Assignment 4

Instructions

In the Github Classroom repository that you copied, you should have a template file named assignment_4.Rmd. Use this file to answer the questions below. Also fill out any missing information at the top of the RMarkdown document. Once you’re done, be sure to save, commit, and push to Github. Then, submit a pull request.

Due date

December 8, 2017 @ 11:59pm

Questions

Starbucks and linear modeling

The CSV file starbucks.csv is a dataset containing the nutritional information of the food items sold at Starbucks.1 Since Starbucks only lists the number of calories on the display items, we are interested in predicting the amount of carbs a menu item has based on its calorie content.

  1. Before creating the linear model, based on your basic knowledge of nutrition, what is the relationship between calories and the amount of carbs a food item has? For these proposed variables, which is the explanatory variable and which is the response variable? Do you expect that such a model would be valid for any amount of calories (within statistical error)? Why or why not?

  2. Using lm(), create a linear model of the relationship between the number of calories and amount of carbohydrates (in grams) in the Starbucks food menu items. Plot the linear model over top of the data points. Visualize the residuals using a scatter plot and a frequency polygon plot.

  3. Do these data meet the conditions required for fitting a least-squares line, and can we call this a good model? If it doesn’t meet the conditions for a least-squares line, what important information might we be missing in our model?

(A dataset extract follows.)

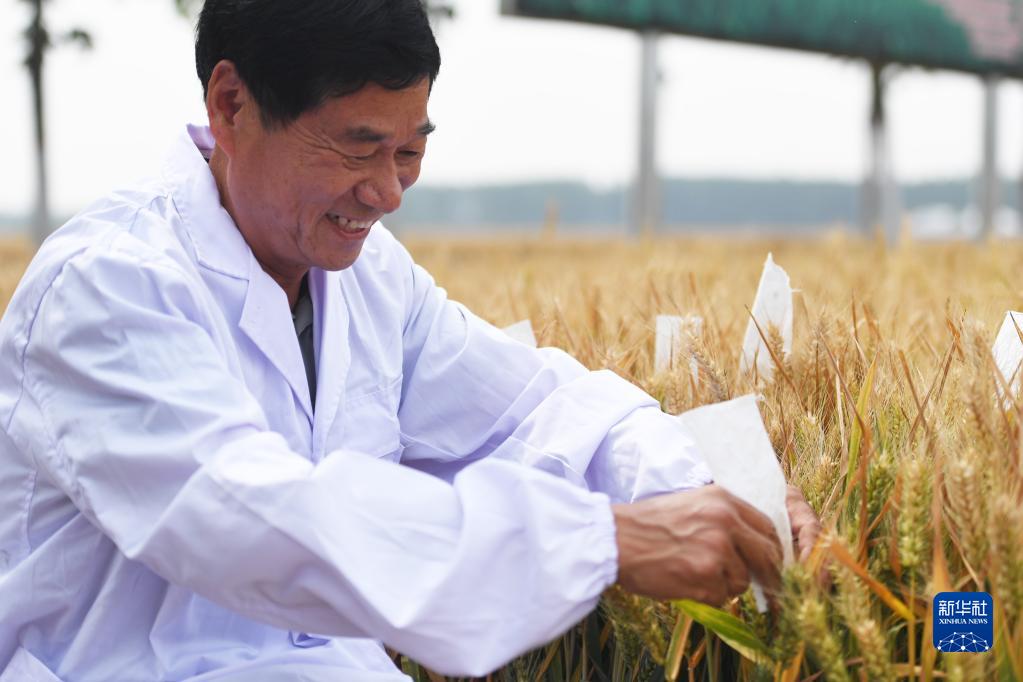 河南西平:“良田”金黄 丰收在望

    Hint: Look at the other information that’s available in the dataset.

Least-squares linear modeling versus other choices

The lm() function in R takes a dataset and creates a linear model using least-squares regression. This is often a useful choice, but one downside is that these models are sensitive to unusual values because squaring distances place more of an emphasis on larger residuals. It isn’t a strict requirement that we use this criteria, so let’s analyze what outliers can do to a least-squares linear model and then work with a couple of alternative fitting methods.

  1. The dataset in fitting_datasets.rds consists of three columns, x and y, which are the main dataset, and label, which splits the data into three categories labelled "set_a", "set_b", and "set_c". Filter the data so that you can fit a linear model to the subsetted data for each of the three label categories. Fit the linear model and visualize the results. Then, verify whether the a linear model is appropriate in each case by checking that the three conditions are met: linearity, nearly normal residuals, and constant variability This will require examining the residuals2 and making visualizations. State which, if any, of these datasets should not be modeled as a linear function.

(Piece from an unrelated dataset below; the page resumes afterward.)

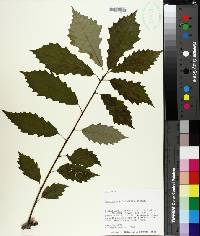 Quercus muehlenbergii image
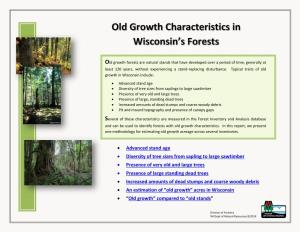 Old Growth Characteristics in Wisconsin's Forests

  2. An alternative to the least-squares criterion is the mean-absolute distance criterion, which involves averaging over the absolute value of residuals instead of squaring them. This can be implemented by using the function optim() in combination with the following custom function (type the custom function below into your RMarkdown file exactly):

    make_prediction <- function(intercept_slope_parameters, data) {
      intercept_slope_parameters[1] + data$x * intercept_slope_parameters[2]
    }
    
    measure_distance <- function(intercept_slope_parameters, dataset) {
      diff <- dataset$y - make_prediction(intercept_slope_parameters, dataset)
    
      mean(abs(diff))
    }

    After typing in the above functions, remind yourself how optim() is used by reviewing Chapters 23.2 and 23.3 of R for Data Science. Then, use optim() to redo the fits of "set_a", "set_b", and "set_c" using the mean-absolute distance and visualize the results, including the residuals. Then, for "set_a" only, create a plot that overlays the mean-absolute distance fit (this question) and least-squares fit (previous question) lines on a scatterplot of the "set_a" data points. Also create a histogram plot that overlays the "set_a" residuals from both types of linear models for comparison. Compare the two types of linear models and note any differences that you observe between the two.


  1. Dataset source: Starbucks.com, collected on March 10, 2011, http://www.starbucks.com/menu/nutrition.

  2. For assistance, consult the procedure for creating the figure at the end of Chapter 23.3 in R for Data Science.